Alibaba Plummets Over 8% After Earnings Miss
U.S. equities opened lower on March 19, with the tech-heavy Nasdaq Composite falling 1.28% and the S&P 500 declining 0.99%. Chinese ADRs were among the hardest hit, as shares of Alibaba (BABA) collapsed more than 8%. The steep drop follows a recent quarterly report where the e-commerce and cloud giant missed both revenue and earnings per share [EPS] estimates.
While Alibaba showed promising growth in its cloud and AI segments, with cloud revenue climbing 36%, investors focused on the slowdown in its core e-commerce operations. This fundamental weakness prompted at least one analyst to downgrade the stock to "Buy" from "Strong Buy," signaling caution even as the company invests heavily in growth areas like quick commerce and artificial intelligence.
Semiconductor Sell-Off Hits High-Flying Chipmakers
The technology sector sell-off was broad, hitting major U.S. semiconductor firms. Micron Technology (MU) fell more than 8%, while AMD declined over 2% and Nvidia shed over 1%. Micron's slide occurred despite a recent blockbuster earnings report where revenue nearly tripled year-over-year. The negative reaction suggests a "sell the news" event, with investors growing wary of the stock's high valuation.

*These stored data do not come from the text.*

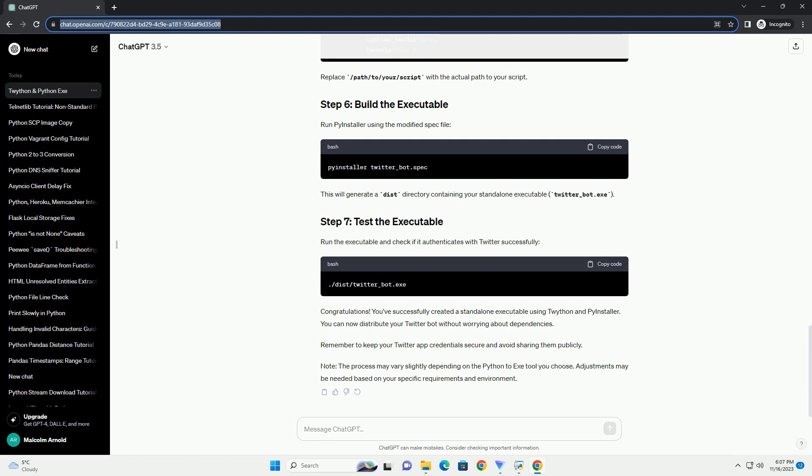Note, the process may vary slightly depending on the Python to EXE tool you choose. Adjustments may be needed based on your specific requirements and environment.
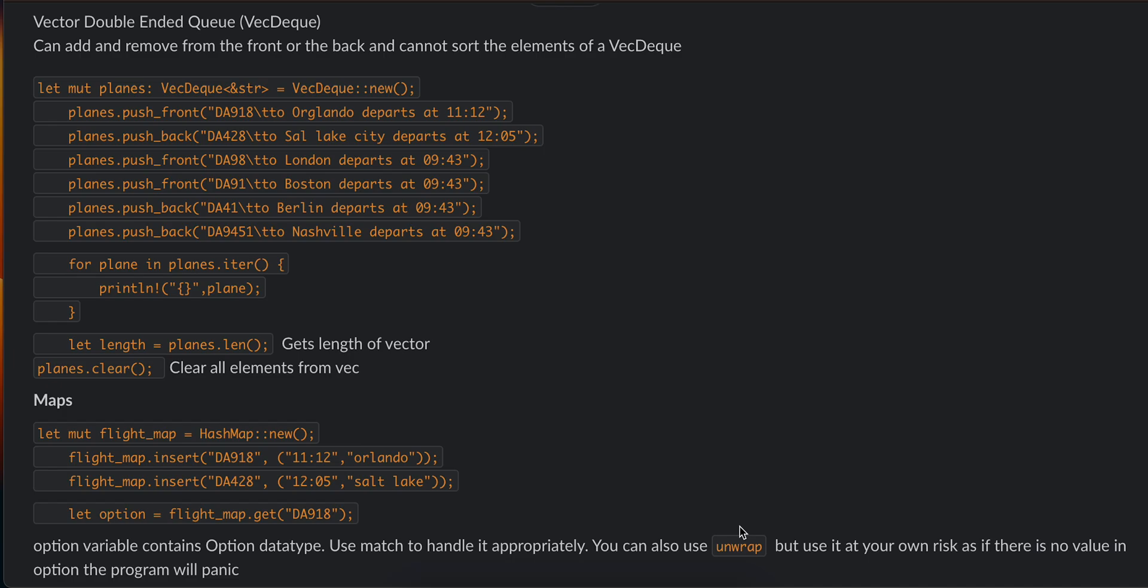So today we'll be talking about vector double-ended queue. Vector double-ended queue is just like a vector—you can add more elements to it. Here you can see I have created a VecDeque variable, and you can add elements from the front and you can add elements from the back. So use push_front or push_back according to your needs.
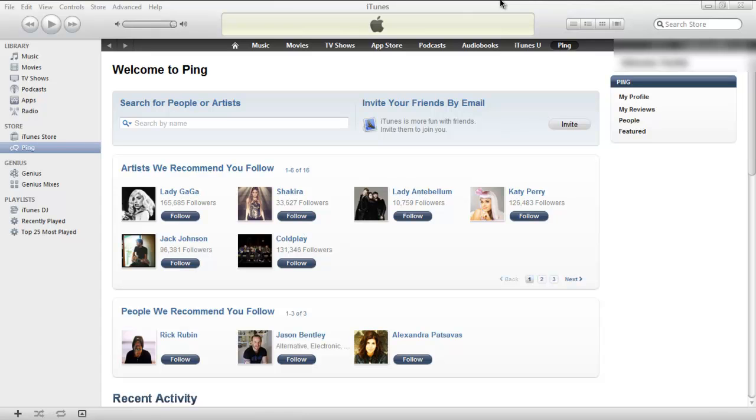Now the biggest change is Ping. Apple has totally brought in a new network kind of thing into iTunes and changed it all. I reckon it's basically Facebook for music or it seems like that or like Twitter for music.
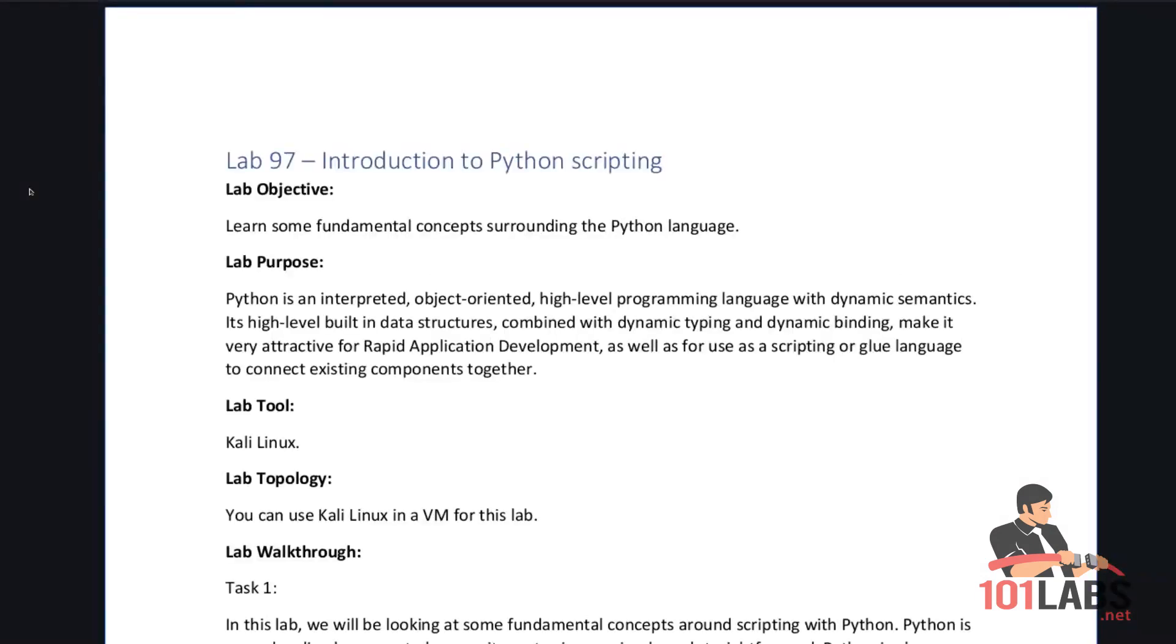Hello and welcome to another 101 lab. In this lab we'll be looking at an introduction to Python scripting.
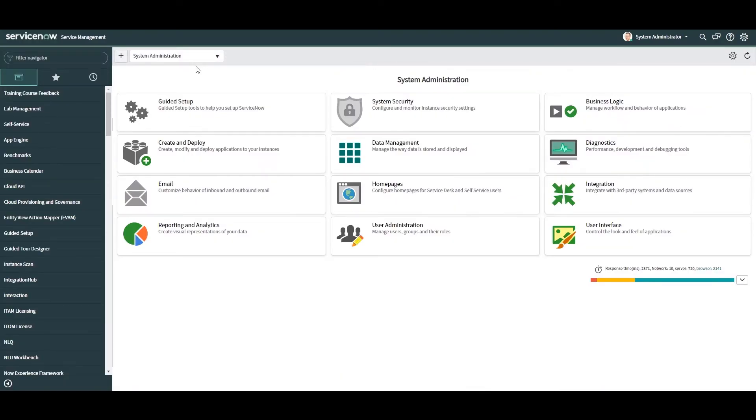My name's Lawrence Tindall here at Glidefast Consulting and in today's tutorial I'm going to show you how to update the logo that is displayed in the banner frame of your ServiceNow instance. This is a super easy update and only takes a few minutes. If you are new to ServiceNow, it's an essential update that you'll want to make to your company's logo.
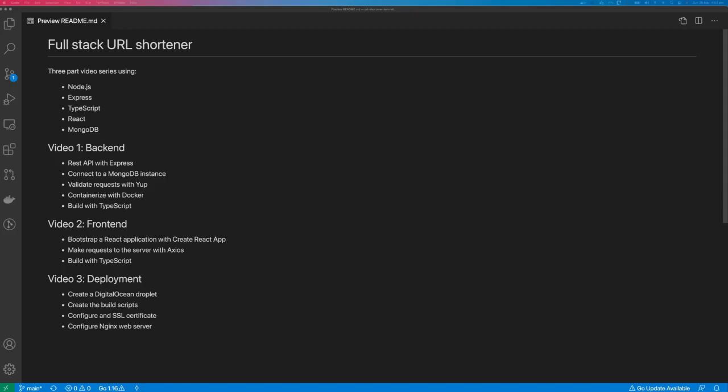In video two, we'll bootstrap our application with Create React App, make requests to the server with Axios, and also build this with TypeScript.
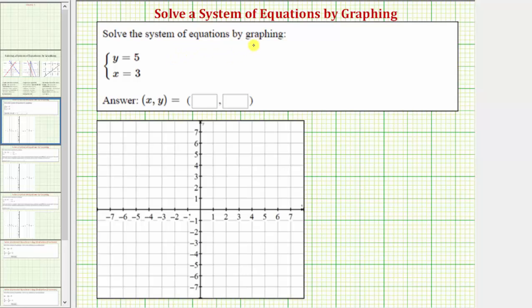We want to solve the system of linear equations by graphing. To solve a system of equations by graphing, we graph both equations on the same coordinate plane and interpret their results. Now the solution to this system of equations should be obvious, because notice how the first equation only contains y and the second equation only contains x. So the ordered pair that satisfies this system would have to be the ordered pair three comma five. Let's go ahead and graph both linear equations to determine the solution.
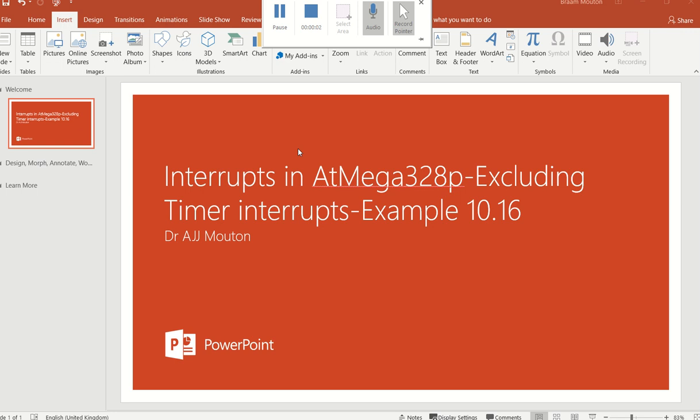In this video I'm going to show you how to do example 10-16 which is a pin change or pins that can change on a specific port.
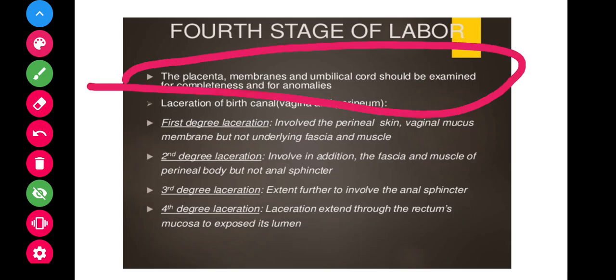The fourth stage is the observational stage. After delivery, the placenta, membranes, and umbilical cord should be examined for completeness. Check for any lacerations of the birth canal, and episiotomy is also done if necessary. There are degrees of lacerations — first degree, second degree, and third degree — which will be discussed in detail in the next class.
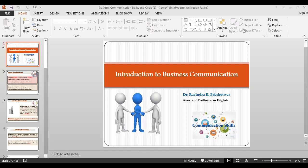Good evening. I am Dr. Ravindar Subshetwar, Assistant Professor in English. Today I am going to talk on Introduction to Business Communication. This is the first chapter of SYVCOM of CBC's pattern, that is Introduction to Business Communication.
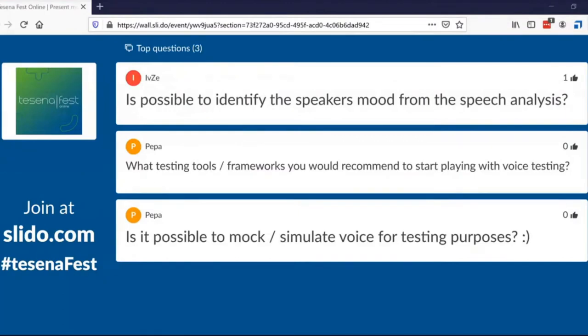Question: Is it possible to identify a speaker's mood from speech analysis? It is possible — we did some experiments. We don't offer this technology commercially because it is quite nationality- and task-dependent. But in general, it is possible. Other information that can be extracted includes age and even information about alcohol consumption.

The pressure on chipmakers reflects concerns about the cyclical nature of the memory business. A surge in demand for high-bandwidth memory (HBM) for AI applications has inflated profits, but the market anticipates that margins will compress as new manufacturing capacity comes online. This dynamic is fueling uncertainty for stocks that have seen significant appreciation.
AI Spending Jitters Weigh on Tech Sector
Underlying the market weakness is a growing concern about the immense cost of the AI build-out. Major tech companies like Alphabet, Amazon, and Microsoft are projected to continue massive capital expenditure campaigns that reached a combined $410.2 billion in 2025. Initially bullish on AI's potential, investors are now scrutinizing the return on these staggering investments.
The high spending, coupled with the short lifespan of cutting-edge AI components, has introduced a new layer of financial risk. This uncertainty is creating a headwind for the entire technology sector, as the market re-evaluates whether the long-term promise of AI justifies the enormous near-term costs.